Texto de Manuel José Manuel Pureza hoje publicado no Diário de Noticias.
"Só
se desilude quem alimenta ilusões. E se o Governo alimentou na opinião
pública a ilusão da salvação pelo empobrecimento, ela bateu
estrepitosamente na parede. Os resultados do último relatório de
execução orçamental da Direção-Geral do Orçamento são a mais letal
crítica política que o Governo recebeu até agora. Vítor Gaspar
confessou, em idioma "governamentalês", o rotundo fracasso da
estratégia: "A informação disponível sobre o comportamento das receitas
não é positiva", a que acresce que os dados "traduzem um aumento
significativo nos riscos e incertezas associadas às expectativas
orçamentais".
Os números são como o algodão: não enganam. Nas previsões delirantes do Governo, a receita fiscal deveria estar a crescer em 5,4%. Caiu 3,5%. No caso específico do IVA - cuja taxa subiu para 23% para inúmeros produtos, com especial destaque para a restauração - a este ritmo, a receita cairá 2000 milhões de euros (5,8%) quando o Governo anunciara expectativas de subida do arrecadamento em 10%. Os casos do imposto sobre veículos (quebra de 258 milhões de euros) e do imposto sobre produtos petrolíferos (decréscimo de receita de 145 milhões de euros, não obstante as subidas sistemáticas do preço da gasolina ao consumidor) confirmam uma verdade insofismável: a maior subida de impostos alguma vez praticada em Portugal resulta em hecatombe na receita fiscal. Lembram-se das entradas de leão do Governo, a denunciar a herança de um "desvio colossal" nas contas públicas? O que dirá agora Passos diante dos números da Direção-Geral do Orçamento?
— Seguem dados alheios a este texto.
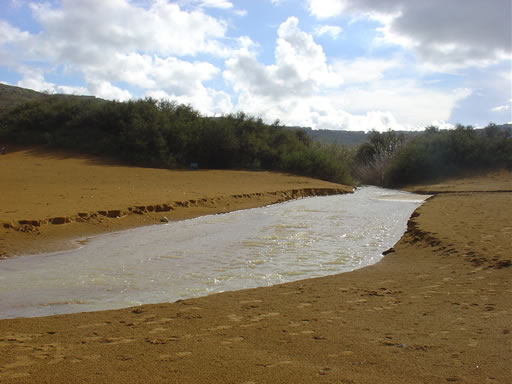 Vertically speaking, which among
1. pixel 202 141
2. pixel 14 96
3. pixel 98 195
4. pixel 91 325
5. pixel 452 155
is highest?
pixel 14 96

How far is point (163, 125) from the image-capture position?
32.1 meters

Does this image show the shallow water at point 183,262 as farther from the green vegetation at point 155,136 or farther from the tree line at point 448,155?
the tree line at point 448,155

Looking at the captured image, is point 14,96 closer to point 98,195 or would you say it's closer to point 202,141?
point 202,141

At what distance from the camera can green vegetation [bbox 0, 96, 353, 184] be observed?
3061 centimetres

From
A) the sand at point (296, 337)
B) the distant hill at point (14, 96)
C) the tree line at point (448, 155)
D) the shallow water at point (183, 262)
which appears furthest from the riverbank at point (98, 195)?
the tree line at point (448, 155)

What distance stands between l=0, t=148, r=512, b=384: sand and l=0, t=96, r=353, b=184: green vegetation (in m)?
24.8

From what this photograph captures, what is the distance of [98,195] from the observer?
15.6 metres

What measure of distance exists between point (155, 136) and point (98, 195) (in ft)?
51.1

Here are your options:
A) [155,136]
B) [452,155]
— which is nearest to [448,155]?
[452,155]

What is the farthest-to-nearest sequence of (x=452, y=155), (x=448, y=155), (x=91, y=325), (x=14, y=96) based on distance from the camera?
(x=14, y=96) < (x=448, y=155) < (x=452, y=155) < (x=91, y=325)

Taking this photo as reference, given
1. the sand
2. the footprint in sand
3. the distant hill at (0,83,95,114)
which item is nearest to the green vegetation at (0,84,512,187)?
the distant hill at (0,83,95,114)

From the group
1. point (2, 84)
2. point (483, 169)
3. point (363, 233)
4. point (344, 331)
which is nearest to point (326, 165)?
point (483, 169)

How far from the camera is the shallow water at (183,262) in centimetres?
622

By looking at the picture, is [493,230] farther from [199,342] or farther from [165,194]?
[165,194] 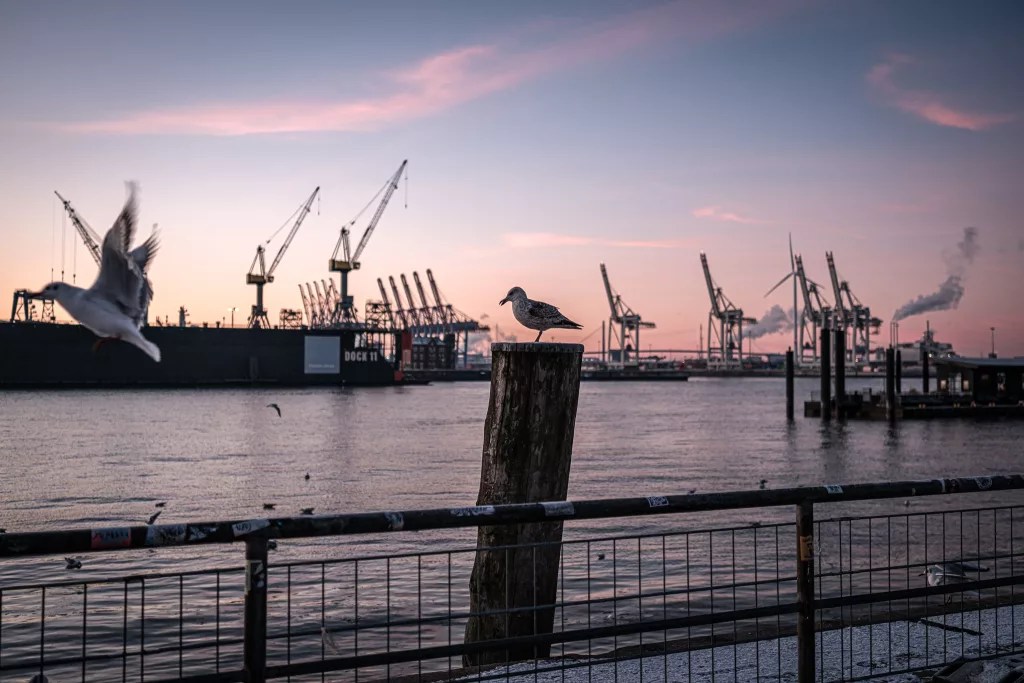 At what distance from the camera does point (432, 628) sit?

É caso para perguntar se nos livros sagrados do liberalismo que o Governo tão zelosamente professa não se ensina algo tão básico como que a combinação entre subida da carga fiscal acima do tolerável pelos orçamentos das famílias e das empresas e a perda de emprego ou de salário é absolutamente explosiva para a coluna das receitas nas contas públicas.
Contrai-se a receita, aumenta a despesa (mais 2%), como inevitável resultado do acréscimo de pagamentos de subsídios de desemprego (403 milhões de euros) e da diminuição das contribuições para a Segurança Social (278 milhões a menos).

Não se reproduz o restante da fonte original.